▶ Work instructions: Verbatim copy, pictures excluded: every line from the one with "House of the Tiger King - Paperback" through the final line of the data below, and no other line.

▶ Given information:
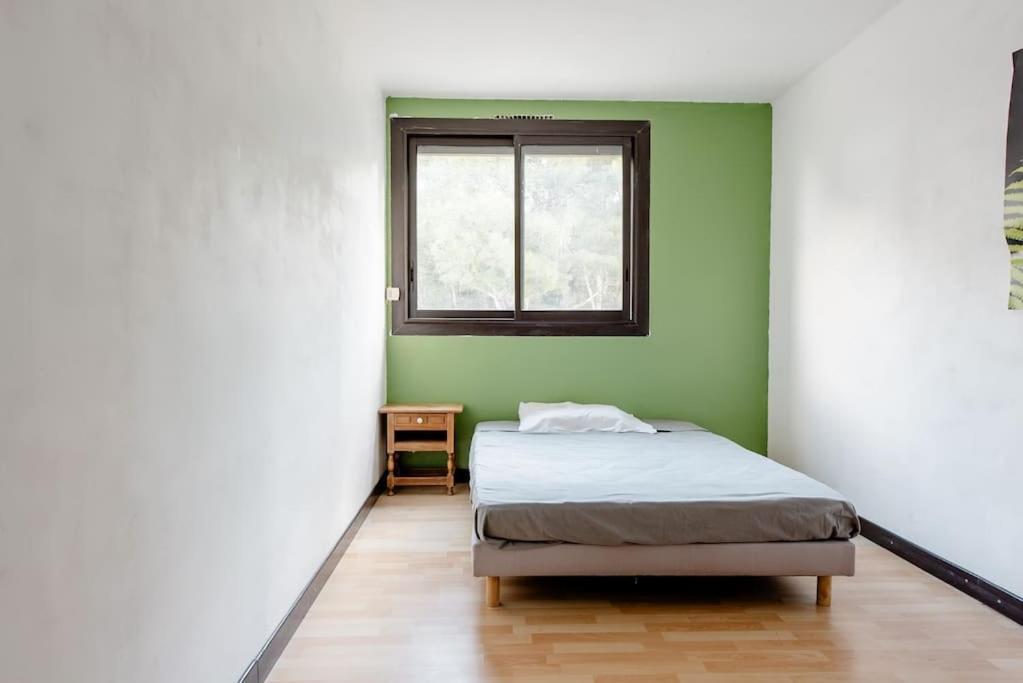 Park & Suites -Wifi-Netflix-Vue Marseille Extérieur photo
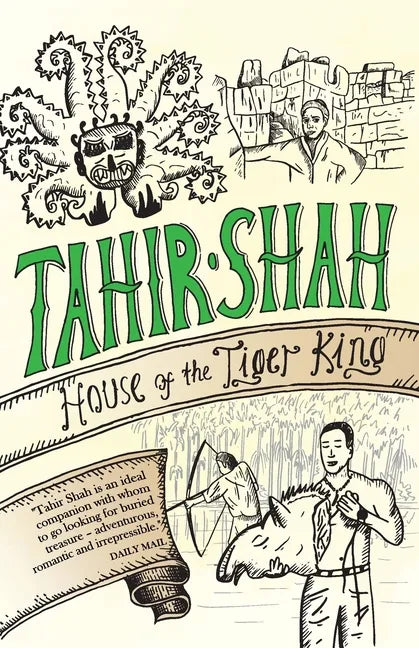 House of the Tiger King - Paperback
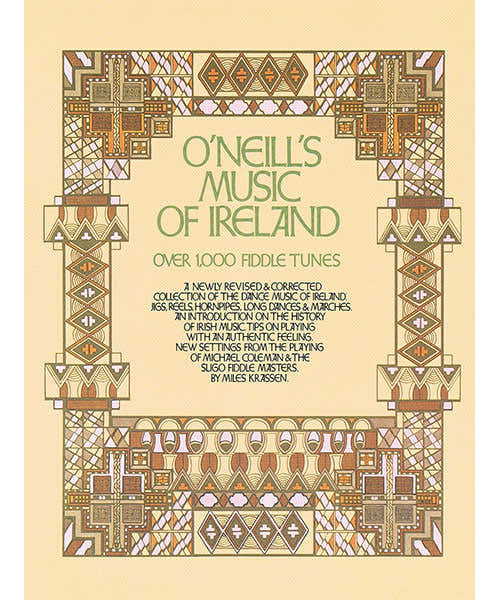 Hal Leonard Oak Publications - O'Neill's Music Of Ireland (Revised)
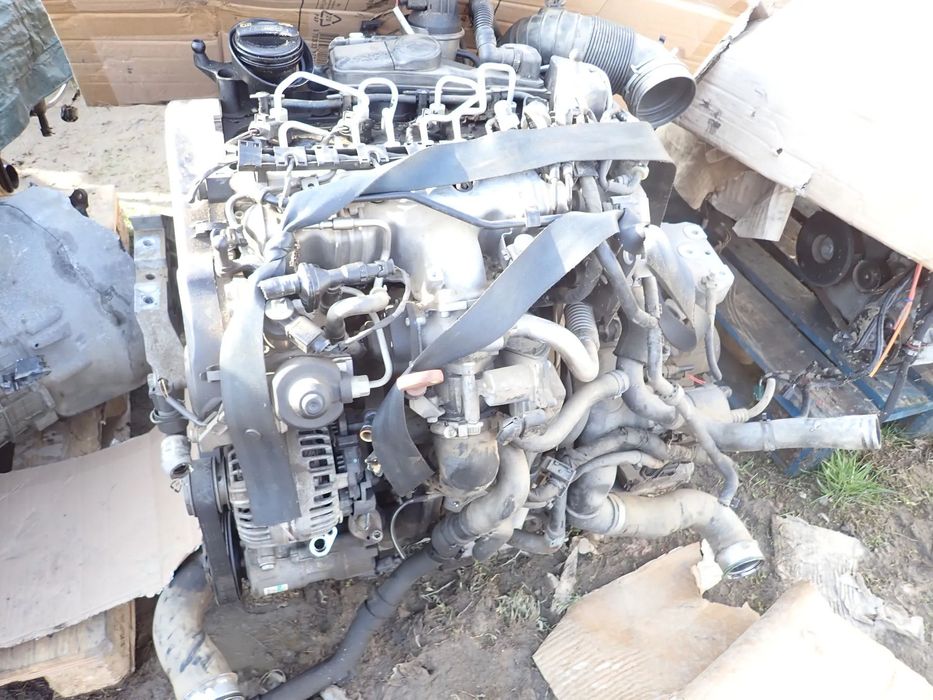 VOLKSWAGEN AUDI SKODA SEAT 2.0 TDI SPRĘŻARKA KLIMATYZACJI 5N0820803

▶ Reply to the exercise:
 House of the Tiger King - Paperback
 Hal Leonard Oak Publications - O'Neill's Music Of Ireland (Revised)
 VOLKSWAGEN AUDI SKODA SEAT 2.0 TDI SPRĘŻARKA KLIMATYZACJI 5N0820803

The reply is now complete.